Les frères Dardenne sont reconnus pour être des réalisateurs du réel, des cinéastes sensibles qui parviennent à s'emparer d'une tranche de vie pour la transposer à l'écran. Deux jours, une nuit est un ouvrage cohérent avec l'esprit de leur filmographie. Il n'y a pas de scènes d'action dans ce film, pas de grands mouvements de caméras, pas de trame sonore épique ou de costumes remarquables, et même pas de dialogues épatants. Il n'y a qu'une femme désespérée qui veut retrouver sa dignité, et pourtant on en ressort bouleversé.
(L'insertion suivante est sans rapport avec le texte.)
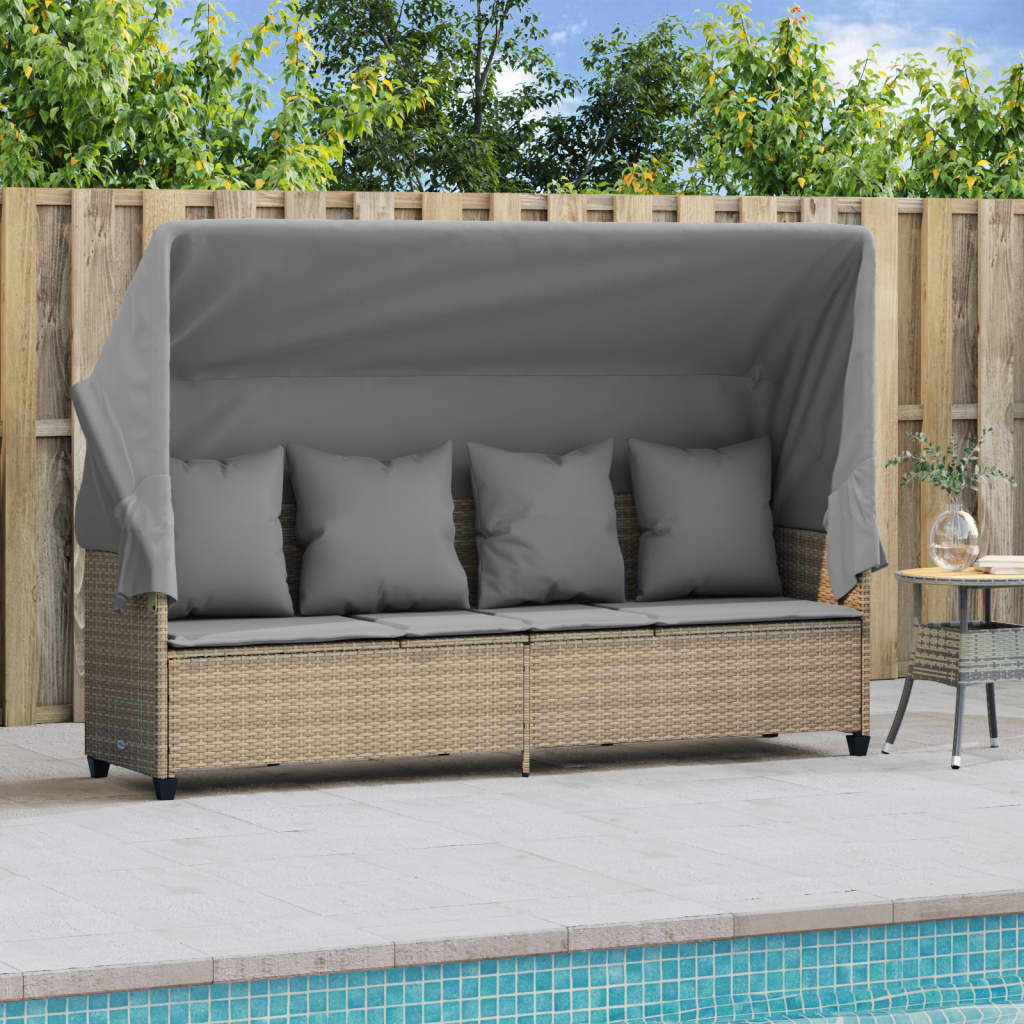 Ligbed Met Luifel En Kussen Poly Rattan  Beige en grijs with canopy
Cannes est un festival reconnu pour sélectionner des films d'auteurs languissants, souvent des drames, destinés à une élite intellectuelle. Comme Deux jours, une nuit figurait parmi les choix des jurés de la plus récente édition (aux côtés de Mommy), on aurait pu croire que l'oeuvre était hermétique et difficile, mais nous sommes heureux de découvrir que Cannes ne fait pas que dans l'imperméabilité. Le film est accessible par celui qui accepte sa sobriété et sa contenance.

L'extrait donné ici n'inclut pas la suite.